CUMULUS BROADCASTING, LLC, Petitioner, v. HOKE COUNTY BOARD OF
COMMISSIONERS, Respondent
NO. COA06-182
Filed: 5 December 2006
1. Zoning_conditional use permit_denial of conditional use permit_whole record
test_properly applied
The superior court properly applied the whole record test in a case arising from the denial
of a conditional use permit for a radio tower where the court examined all of the evidence to
determine whether substantial evidence supported the Commission's findings and conclusions.
The court neither re-weighed the evidence nor substituted its judgment for that of the Board of
Commissioners.
2. Zoning_conditional use permit_evaluation of evidence
The trial court did not err by finding that the evidence presented to the Board of
Commissioners in opposition to a conditional use permit was anecdotal, conclusory, and without
a demonstrated factual basis. The testimony came from witnesses relying solely on their personal
knowledge and observations; no witnesses rebutted the quantitative data and other evidence
supporting the permit.
3. Zoning_conditional use permit_wrongly denied_remedy
The trial court did not err by remanding the denial of a conditional use permit to the
Board of Commissioners for issuance of the permit. Trial court rulings that have remanded such
cases for the issuance of the permit have been upheld regularly, and the Board offered no
controlling authority for its contention that the common remedy would be remand for more
detailed findings and conclusions.
Appeal by respondent from order entered 18 October 2005 by
Judge B. Craig Ellis in Hoke County Superior Court. Heard in the
Court of Appeals 11 October 2006.
Brooks, Pierce, McLendon, Humphrey & Leonard, L.L.P., by Derek
J. Allen and Katherine A. Murphy, for petitioner-appellee.
Garris Neil Yarborough, for respondent-appellant.
TYSON, Judge.
The Hoke County Board of Commissioners (the Commission)
appeals from order entered reversing its decision to deny CumulusBroadcasting, LLC (Cumulus) a conditional use permit to construct
a 499-foot radio tower. We affirm.
I. Background
Jimmy and Carol Bunce (the Bunces) own approximately 250
acres of real property located in Hoke County. The Bunces leased
twenty-three acres of their property to Cumulus. Cumulus leased
the property with the intent to construct a 499-foot radio tower on
the leasehold. Cumulus applied to Hoke County's Planning
Department for a conditional use permit to construct a radio tower.

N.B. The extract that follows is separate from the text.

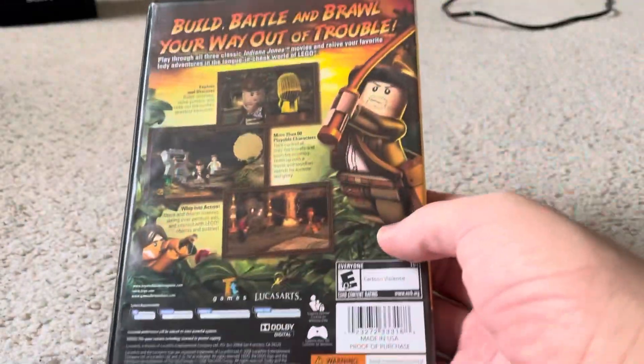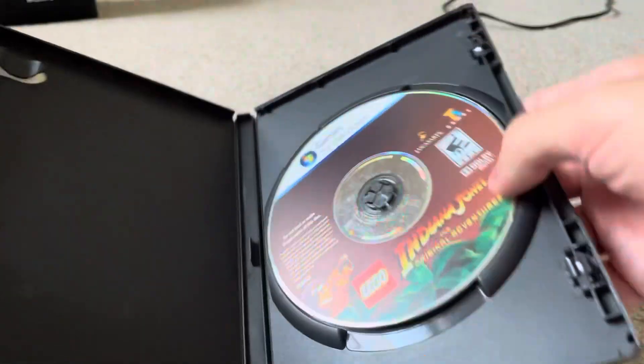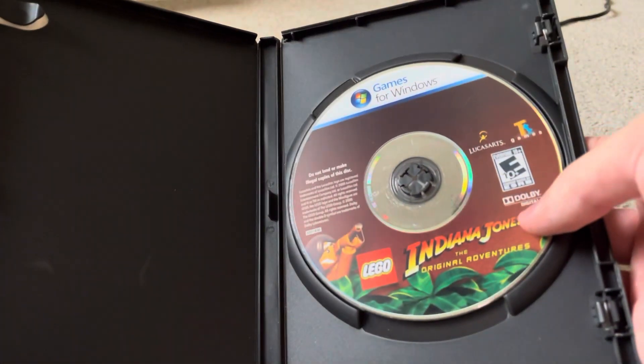I had this on the Wii when I was a kid, so now I have it on PC. There is no instruction booklet included in here, unfortunately.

Bunce's property is zoned RA-20 Residential-Agricultural
District. The Hoke County Zoning Ordinance § 8.6(C) RA-20
Residential-Agricultural District includes as a conditional use:
Communications; Broadcasting, and Receiving Towers; Radio,
Television, and Radar; with setbacks from all property lines of at
least one (1) foot for every foot of structure height.
On 9 June 2005, the Planning Board heard Cumulus's application
and voted to deny the permit. On 5 July 2005, the Commission held
a public hearing and voted three-to-two to deny Cumulus's
application for a conditional use permit.
Cumulus timely filed a Petition for Certiorari with the
superior court asserting the Commission: (1) arbitrarily and
capriciously denied the permit; (2) improperly determined that the
permit should not be granted; (3) improperly determined that it was
within its legal authority to deny the permit for a variance; (4)
failed to follow the proper procedure in making findings; (5) actedwithout sufficient evidentiary basis; and (6) applied rules that
violated due process.
After a hearing on 3 October 2005, the superior court reversed
the Commission's decision. The superior court remanded the matter
to the Commission for approval of the application and issuance of
a conditional use permit. The Commission appeals.
II. Issues
The Commission argues the trial court: (1) applied an
improper standard of review to the Commission's decision; (2) erred
in finding insufficient evidence in the record to support the
Commission's decision; (3) erred in reaching conclusion of law
numbered 1; (4) erred in reaching conclusion of law numbered 2; and
(5) erred by remanding this matter to the Commission with a mandate
to approve and issue a conditional use permit.
III. Standard of Review
[1] In reviewing a commission's decision to deny an
application for a conditional use permit, a superior court must:
(1) review the record for errors in law; (2) insure that procedures
specified by law in both statute and ordinance are followed; (3)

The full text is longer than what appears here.